**WHAT NEEDS TO BE DONE**
Please copy, exactly as they appear below, the lines from the one containing "У Черкасах на сесії міськради підприємці мітингують У" through the one containing "ట్రాఫిక్ కష్టాలతో మధురవాడ విలవిల".

=== SOURCE INFORMATION ===

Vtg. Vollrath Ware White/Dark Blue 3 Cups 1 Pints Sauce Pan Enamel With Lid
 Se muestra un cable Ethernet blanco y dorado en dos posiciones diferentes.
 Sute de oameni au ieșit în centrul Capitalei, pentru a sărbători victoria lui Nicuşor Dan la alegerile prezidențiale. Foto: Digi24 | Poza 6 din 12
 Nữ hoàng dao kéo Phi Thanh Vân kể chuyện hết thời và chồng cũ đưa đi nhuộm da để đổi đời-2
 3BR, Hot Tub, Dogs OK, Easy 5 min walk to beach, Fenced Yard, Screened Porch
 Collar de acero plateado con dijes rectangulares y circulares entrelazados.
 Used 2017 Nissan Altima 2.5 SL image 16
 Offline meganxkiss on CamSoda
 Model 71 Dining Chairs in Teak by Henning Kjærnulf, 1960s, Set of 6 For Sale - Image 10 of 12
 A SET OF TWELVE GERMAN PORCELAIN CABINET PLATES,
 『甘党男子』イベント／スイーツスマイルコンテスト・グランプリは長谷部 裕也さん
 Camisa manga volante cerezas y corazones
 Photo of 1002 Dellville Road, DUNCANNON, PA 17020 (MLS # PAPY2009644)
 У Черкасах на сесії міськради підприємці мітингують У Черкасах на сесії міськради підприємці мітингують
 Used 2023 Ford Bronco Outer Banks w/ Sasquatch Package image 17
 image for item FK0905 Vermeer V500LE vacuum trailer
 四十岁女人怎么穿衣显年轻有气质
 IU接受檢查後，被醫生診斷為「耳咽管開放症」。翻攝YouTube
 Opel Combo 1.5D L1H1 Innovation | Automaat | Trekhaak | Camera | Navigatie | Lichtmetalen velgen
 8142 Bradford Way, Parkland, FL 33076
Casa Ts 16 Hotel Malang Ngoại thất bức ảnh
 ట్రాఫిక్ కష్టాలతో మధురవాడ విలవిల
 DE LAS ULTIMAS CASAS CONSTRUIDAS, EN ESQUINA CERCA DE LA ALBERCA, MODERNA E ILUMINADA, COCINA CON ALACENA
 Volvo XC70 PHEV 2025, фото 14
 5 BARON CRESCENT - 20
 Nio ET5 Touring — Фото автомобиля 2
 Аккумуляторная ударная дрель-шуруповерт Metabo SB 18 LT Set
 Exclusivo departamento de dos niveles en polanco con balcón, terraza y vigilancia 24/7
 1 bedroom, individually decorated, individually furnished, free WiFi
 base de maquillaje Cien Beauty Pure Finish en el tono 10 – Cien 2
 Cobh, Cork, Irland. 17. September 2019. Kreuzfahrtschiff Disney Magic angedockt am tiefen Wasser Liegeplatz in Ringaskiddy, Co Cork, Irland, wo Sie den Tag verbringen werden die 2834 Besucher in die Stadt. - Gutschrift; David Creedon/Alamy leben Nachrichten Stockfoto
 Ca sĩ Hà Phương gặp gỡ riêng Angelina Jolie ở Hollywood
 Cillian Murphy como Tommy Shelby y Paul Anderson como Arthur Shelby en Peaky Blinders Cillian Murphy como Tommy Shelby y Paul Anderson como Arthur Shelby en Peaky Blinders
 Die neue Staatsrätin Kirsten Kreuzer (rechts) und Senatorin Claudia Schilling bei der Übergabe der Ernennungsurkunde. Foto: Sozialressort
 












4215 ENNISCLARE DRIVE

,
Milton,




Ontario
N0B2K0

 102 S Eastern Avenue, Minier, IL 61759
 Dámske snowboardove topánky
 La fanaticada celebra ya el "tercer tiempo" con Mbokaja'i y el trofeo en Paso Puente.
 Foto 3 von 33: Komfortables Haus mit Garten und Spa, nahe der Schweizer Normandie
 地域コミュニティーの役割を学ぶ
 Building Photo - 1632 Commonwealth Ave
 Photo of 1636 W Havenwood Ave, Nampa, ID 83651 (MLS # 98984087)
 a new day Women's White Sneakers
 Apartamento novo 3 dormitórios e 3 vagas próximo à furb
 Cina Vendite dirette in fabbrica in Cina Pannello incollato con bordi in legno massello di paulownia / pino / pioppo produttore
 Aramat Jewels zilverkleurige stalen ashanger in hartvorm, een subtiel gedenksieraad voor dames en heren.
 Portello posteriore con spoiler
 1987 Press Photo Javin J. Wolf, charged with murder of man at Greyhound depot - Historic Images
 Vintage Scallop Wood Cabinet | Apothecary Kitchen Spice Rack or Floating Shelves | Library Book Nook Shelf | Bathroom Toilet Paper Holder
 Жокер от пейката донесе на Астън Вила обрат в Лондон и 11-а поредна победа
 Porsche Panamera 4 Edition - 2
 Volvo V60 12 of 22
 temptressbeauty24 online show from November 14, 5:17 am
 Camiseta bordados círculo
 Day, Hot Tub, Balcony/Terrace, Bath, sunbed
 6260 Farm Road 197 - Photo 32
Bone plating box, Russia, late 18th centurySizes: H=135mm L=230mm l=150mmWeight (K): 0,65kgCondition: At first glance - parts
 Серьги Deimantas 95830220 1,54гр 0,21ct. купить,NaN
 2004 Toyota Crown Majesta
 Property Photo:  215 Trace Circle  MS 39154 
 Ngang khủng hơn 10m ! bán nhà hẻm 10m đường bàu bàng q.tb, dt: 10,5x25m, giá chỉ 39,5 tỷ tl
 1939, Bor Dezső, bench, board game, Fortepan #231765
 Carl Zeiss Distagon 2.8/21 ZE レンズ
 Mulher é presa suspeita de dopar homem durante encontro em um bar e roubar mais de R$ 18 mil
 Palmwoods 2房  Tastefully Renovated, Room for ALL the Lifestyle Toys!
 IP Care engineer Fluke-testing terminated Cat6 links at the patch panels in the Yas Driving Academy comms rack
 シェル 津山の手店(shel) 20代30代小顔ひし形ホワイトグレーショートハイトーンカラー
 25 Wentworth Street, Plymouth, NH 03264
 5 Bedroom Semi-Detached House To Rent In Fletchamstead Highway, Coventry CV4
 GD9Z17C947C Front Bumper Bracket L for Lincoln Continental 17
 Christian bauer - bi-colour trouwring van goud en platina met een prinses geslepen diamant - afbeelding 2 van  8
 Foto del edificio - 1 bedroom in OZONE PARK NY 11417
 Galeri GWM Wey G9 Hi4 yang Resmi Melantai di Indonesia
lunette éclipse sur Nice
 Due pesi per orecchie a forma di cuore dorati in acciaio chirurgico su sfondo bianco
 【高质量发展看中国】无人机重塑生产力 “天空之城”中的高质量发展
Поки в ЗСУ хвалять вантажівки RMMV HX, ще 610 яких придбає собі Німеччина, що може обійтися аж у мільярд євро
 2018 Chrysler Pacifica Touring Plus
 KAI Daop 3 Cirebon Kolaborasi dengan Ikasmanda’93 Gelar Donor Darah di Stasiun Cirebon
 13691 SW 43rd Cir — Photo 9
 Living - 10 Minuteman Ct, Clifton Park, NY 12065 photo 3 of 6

===

**SOLUTION TO THIS TASK**
 У Черкасах на сесії міськради підприємці мітингують У Черкасах на сесії міськради підприємці мітингують
 Used 2023 Ford Bronco Outer Banks w/ Sasquatch Package image 17
 image for item FK0905 Vermeer V500LE vacuum trailer
 四十岁女人怎么穿衣显年轻有气质
 IU接受檢查後，被醫生診斷為「耳咽管開放症」。翻攝YouTube
 Opel Combo 1.5D L1H1 Innovation | Automaat | Trekhaak | Camera | Navigatie | Lichtmetalen velgen
 8142 Bradford Way, Parkland, FL 33076
Casa Ts 16 Hotel Malang Ngoại thất bức ảnh
 ట్రాఫిక్ కష్టాలతో మధురవాడ విలవిల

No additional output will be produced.